Published this month in Natural Hazards and Earth System Sciences, the study is the first to examine the evolution of development in coastal areas in relationship to hurricanes and flood risk. Understanding the impacts of extreme weather on infrastructure may help mitigate the economic harm associated with flood and storm damage, the authors say.

Hurricane Florence made landfall in North Carolina in September 2018. The storm caused $24 billion in property damage across four states, according to federal estimates, primarily through extreme rainfall and the flooding of buildings in the storm’s path. Large and slow-moving, Florence dumped more than two feet of rain on parts of eastern North Carolina and caused a storm surge of up to 10 feet to inundate coastal areas.

Using Federal Emergency Management Agency maps of storm flooding along with satellite imagery of the region captured after Florence, and linking these to property value data, Tedesco and co-authors Jeremy Porter from the City University of New York and the Columbia Mailman School of Public Health, and Steven McAlpine of the First Street Foundation created a first-of-its-kind maximum flood extent map for the area battered by the hurricane.

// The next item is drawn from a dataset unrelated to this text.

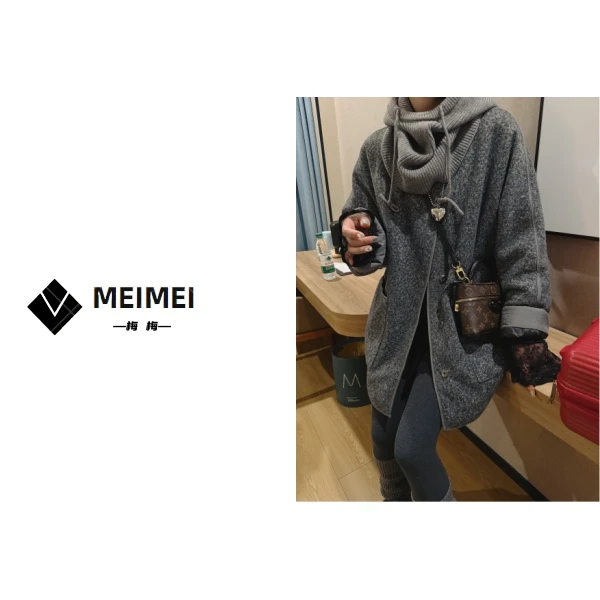 XMM.《帽兜羽绒服 》春冬新款休闲时尚百搭帽兜小众羽绒服-8116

Distribution of properties in North Carolina and South Carolina used to estimate the exposed-property damage from Hurricane Florence. An image of Hurricane Florence making landfall is included as a reference. Image: Tedesco et al., 2020; hurricane image courtesy of Cyclocane

Climate change is likely to make storms like Florence more frequent and severe, with worsening impacts due to sea level rise and heavy rainfall. Experts agree that building on property close to water is unwise due to the high risk of damage from storms, floods, and sea level rise. The map reveals that people in the Carolinas have yet to heed this warning.

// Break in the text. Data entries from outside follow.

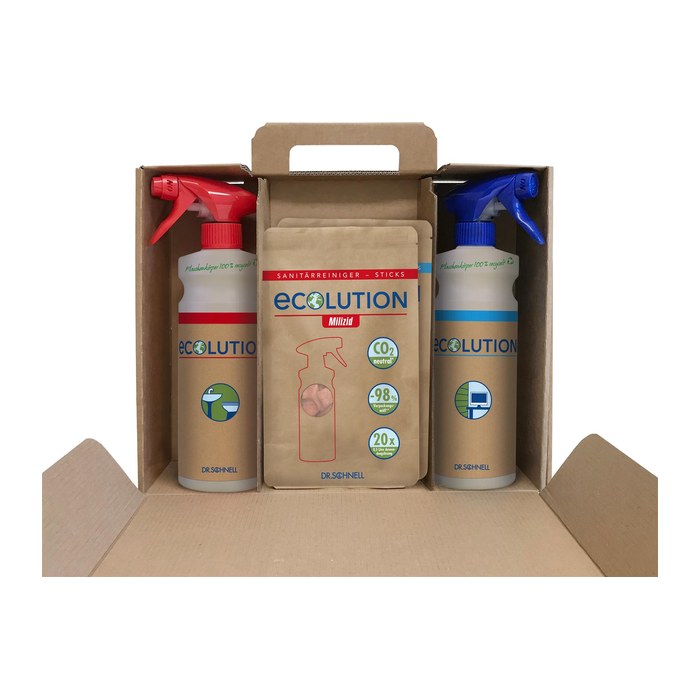 Dr. Schnell ECOLUTION Starterkit Allzweckreiniger 3x 20 g, 3 St.
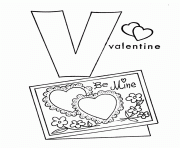Printable v for valentine sc7b7 coloring pages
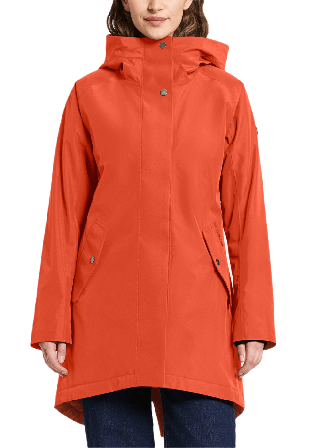 Didriksons Alana Parka Jackor Dam Röd 34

The study complements a larger effort, sponsored by the Columbia University Research Initiatives in Science and Engineering competition in collaboration with the Columbia Business School, to develop and improve real estate models used to estimate how housing prices change. The models are generally based on number of rooms, services, neighborhood quality, water views, and other such factors and typically don’t include how climate variables such as heavy rainfall and storm surge flooding affect home values.

Tedesco aims to change that by augmenting existing models or developing one that includes real estate behavior based on data from approximately the last 20 years, where a growing number of extreme weather events occurred. Because humans, landscapes, and weather hazards interact in dynamic ways, unraveling these relationships and figuring out how to model them involves geographers, economists, urban planners, and insurance and real estate experts.

“We want to see what we can learn in terms of people’s behavior when it comes to real estate and how that relates to climate change and, in particular, floods,” said Tedesco. “It’s the feedbacks among these that matter, so modeling those is the long-term goal of our work.”

He added that modeling these feedbacks also involves learning how much of the increased exposure to extreme weather can be associated with urban development rather than the actual strength of a storm’s impact.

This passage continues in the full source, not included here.